Dan menurut saya berita TV sering di ulang-ulang…dan kalau gambar kekerasan rasanya menyebalkan..padahal TV ditonton siapa aja, dan anak kecil juga.
(masih sedih saat meninjau Ponpes Suryalaya, anak 10 tahun udah kena narkoba).
saya gak berminat jadi wartawan,
soalnya klo yang saya denger sih,
wartawan itu suka datang ke kantor2 dinas buat minta-in duit…
ataw mungkin itu oknum nya, tapi oknum nya banyak, tiap hari ganti2…
Masih minat ndoro. alasan saya masuk komunikasi kan awalnya karena pengen jadi wartawan. tapi saya minatnya ke sepakbola dan musik, Ndoro. politik bikin capek…

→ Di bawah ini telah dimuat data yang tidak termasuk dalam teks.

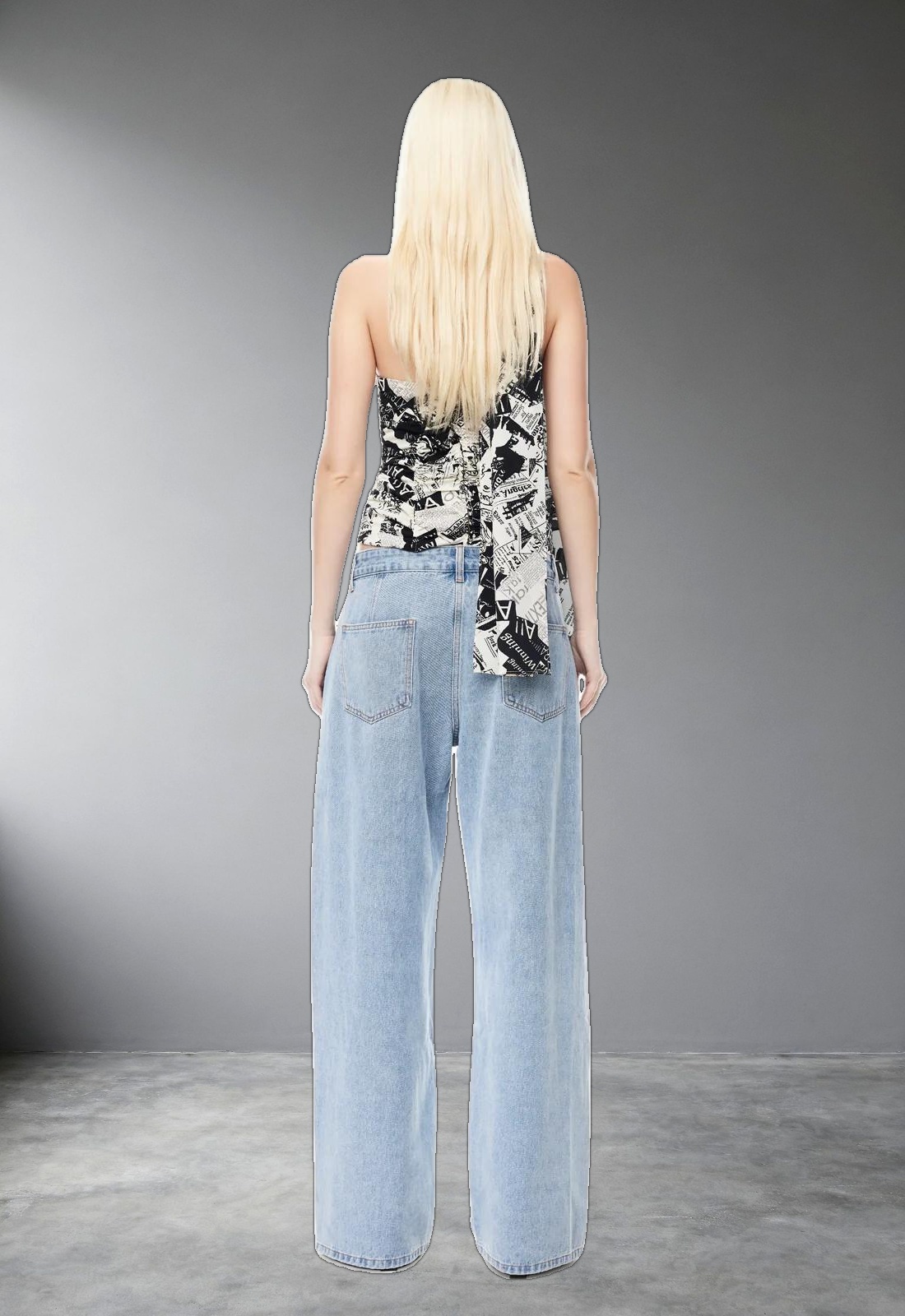 ISLAND BODICE - NEWSPAPER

pekerjaan wartawan memang berat, namun wartawan tentu masih manusia sehingga juga masih bisa berbuat salah
Saya tidk berpihak pada siapapun. Tapi tv one banyak salahnya. dulu aja nurdin belum ditangkap bilangnya udah ditangkap. anehnya tivi one itu terlalu membesar-besarkan masalah seperti sangat gawat gitu,jadinya bikin risih aja. sepeeerti kasus manuhara seolah sangat gawat, padahal kasus biasa. lihat aja hasil akhirnya. dan banyak kasus2 yang lain.
salam kenal ndoro.
Untuk case TVOne, sy pernah lihat dengan mata kepala sendiri Ecep S yasa melakukan manipulasi seolah terjadi baku tembak sewaktu pengepungan teroris di Temanggung. Makanya yg skrg, dah gak aneh lagi. Usut terus Polri!
ya, memang media harus lebih selektif lagi. Dan jangan juga asal cari berita yang heboh dan menarik karena kontroversi. Media harus membangun. Dan memang harus konstruksionis. media tidak mesti harus objektif, karena harus berpihak pada kebenaran dan keadilan. Jika pun ada salah, tidak perlu sungkan untuk meralat..
hmmh,, jd bingung,, g enak jd wartawa,..
ko gtu y.. pernah dgr brta’y aj tp gak ngikutin perkmbangannya, soal’y dkosan gak ad tv c.hmh
susah jdi wartawan, krjanya ngurusin orng trus…
Ga sengaja baca kasus lama ini, sampe sekarang masih ngakak aja kalo inget.